I'm preprocessing data from large dataframe into multiple small numpy files according to x,y coordinates.

i.e. I have many pixelwise values saved in dataframe(P2), and I want to split it into smaller image like pieces (npy).

My steps are as follows.

  1. Loop pieces of coordinates
  2. Convert the piece of coordinates into a dataframe: P1
  3. Merge P1 with the raw data:P2 by ["X", "Y"] in P2 as P_merge
  4. Save P_merge as numpy files

However, since there are many pieces of coordinates (about 1000) and P2 is pretty large (38976147 rows * 13 columns), the code runs really slow.

I've try to run the for loop by multiprocess but I failed on too many global variables here.

I also tried to use dask.
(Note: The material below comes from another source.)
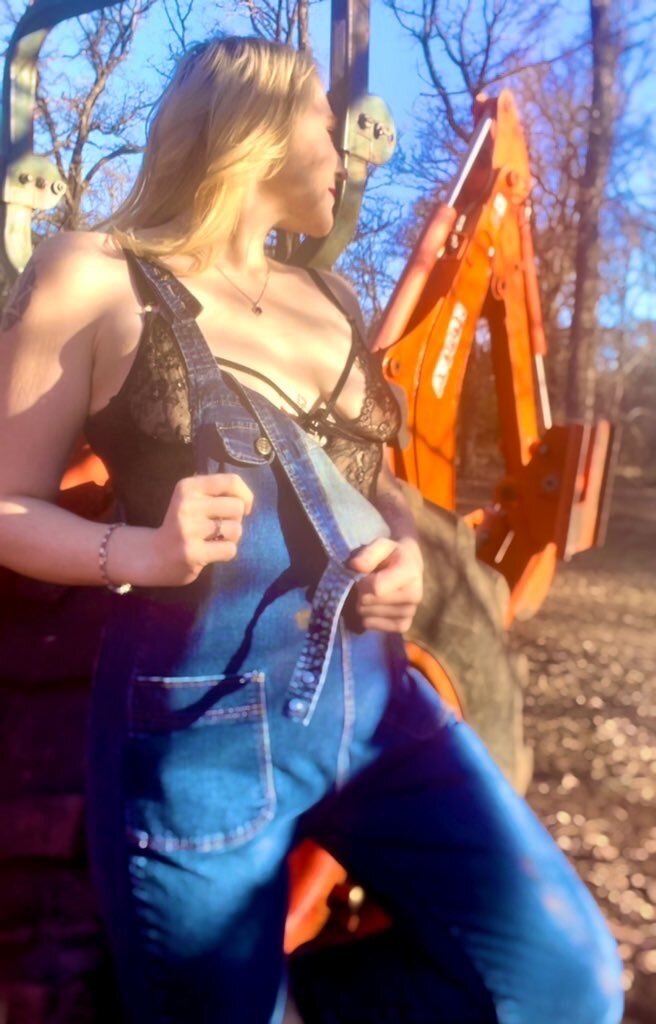 Subbygirl716 (@subbygirl716), OnlyFans creator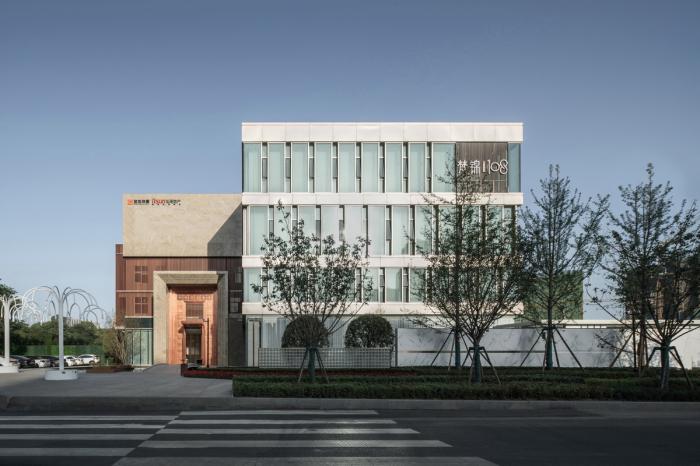 BIM建筑|素雅与轻奢并存：成都金地商置&弘阳地产·梵锦108生活体验馆 / 成执设计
However, since I need to save into npys, it would stuck at converting dask dataframe into numpy.

What's the proper way to speed up for loop or panda merge here? Thank you.

def split_2_pieces(img_coors: List[List[float]], P2, img_h, img_w, file_name):
    # Step1
    for (x, y) in img_coors:
        # Step2
        X, Y = np.meshgrid(x, y) # x is a list, y is a list
        P1 = {"X": X.flatten(), "Y": Y.flatten()}
        P1 = pd.DataFrame(data=P1)
        
        # Step3
        P_merge = P1.merge(P2[["X", "Y", "value1", ...]], how="left", on=["X", "Y"]).fillna(0)
        
        # Step4
        P_merge_npy = np.array(P_merge).reshape(img_h, img_w, 13)
        np.save(Path(path, str(idx) + file_name), P_merge_npy)
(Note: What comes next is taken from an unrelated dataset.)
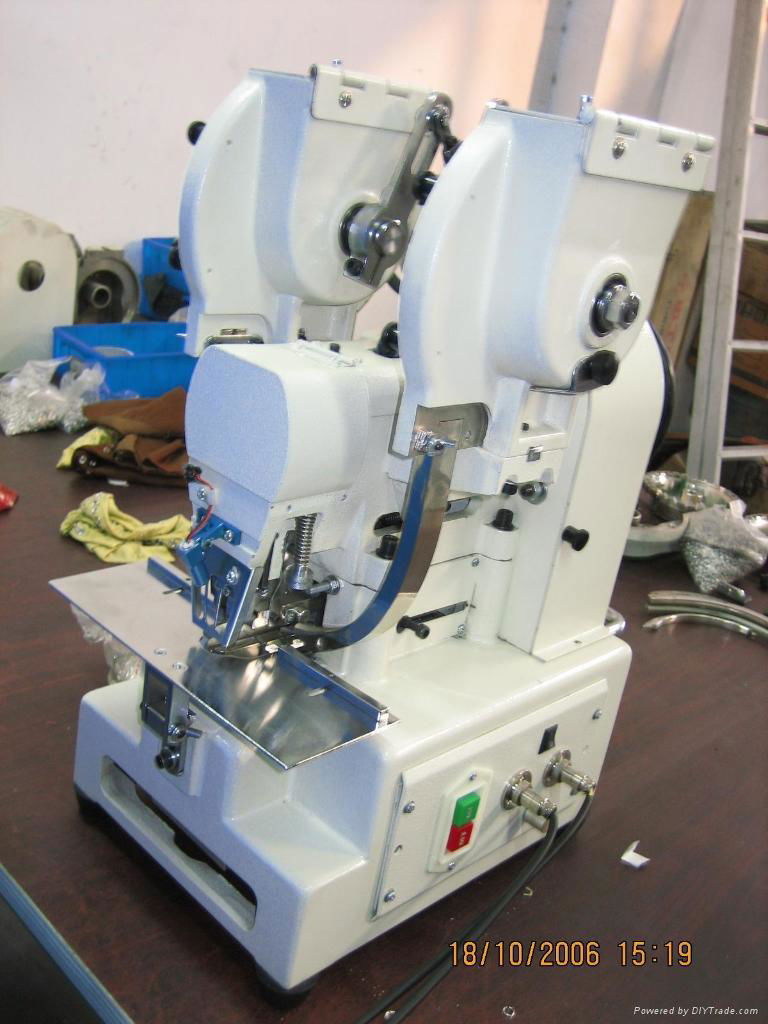 automatic prong pearl snap attaching machine SM600N 2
The reason I need to meshgrid in step2 is that some datapoint does not appear in P2.

In order to save pixelwise map as npy files, I first generate x, y then meshgrid, and then fill in the data of P2 by pandas.merge according to "X", "Y".

The P2 is a dataframe: something like this.
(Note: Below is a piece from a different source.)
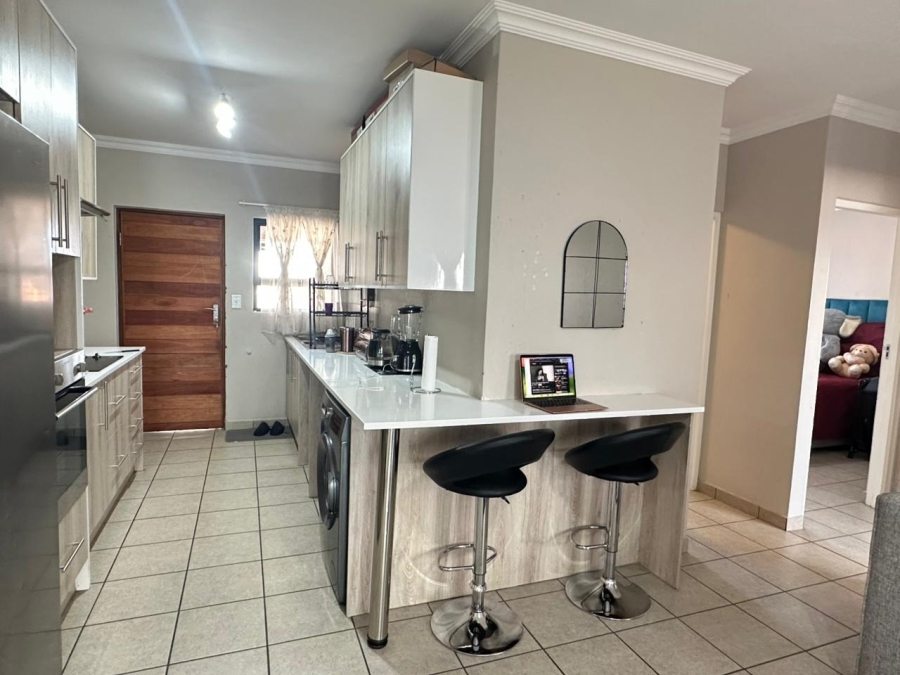 To Let 2 Bedroom Property for Rent in Terenure Gauteng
X Y Name value power1 ... power9
1071.564 2478.21 u_mcuss 0.0072 0.01 ... 0.023

1 Answers1

0

According to the method by enter link description here Solution 2, I first extract the rows from P2 that really matters by "np.where".

By doing this, the merge step will be speeded up since P2 have left much less rows.

def split_2_pieces(img_coors: List[List[float]], P2, img_h, img_w, file_name):
    # Step1
    for (x, y) in img_coors:
        # Step2
        X, Y = np.meshgrid(x, y) # x is a list, y is a list
        P1 = {"X": X.flatten(), "Y": Y.flatten()}
        P1 = pd.DataFrame(data=P1)
        
        # New step 
        x_min, x_max = x.min(), x.max()
        y_min, y_max = y.min(), y.max()
        df_X, df_Y = P2.X.values, P2.Y.values

        row_idx = np.where((df_X >= x_min) & (df_X <= x_max) & df_Y >= y_min) & (df_Y <= y_max))
        P2_extracted = P2.iloc[row_idx]
        
        # Step3 (Modified)
        P_merge = P1.merge(P2_extracted [["X", "Y", "value1", ...]], how="left", on=["X","Y"]).fillna(0)
    
        # Step4
        P_merge_npy = np.array(P_merge).reshape(img_h, img_w, 13)
        np.save(Path(path, str(idx) + file_name), P_merge_npy)

The original run time reduces from 18.7 seconds to 1.13 seconds!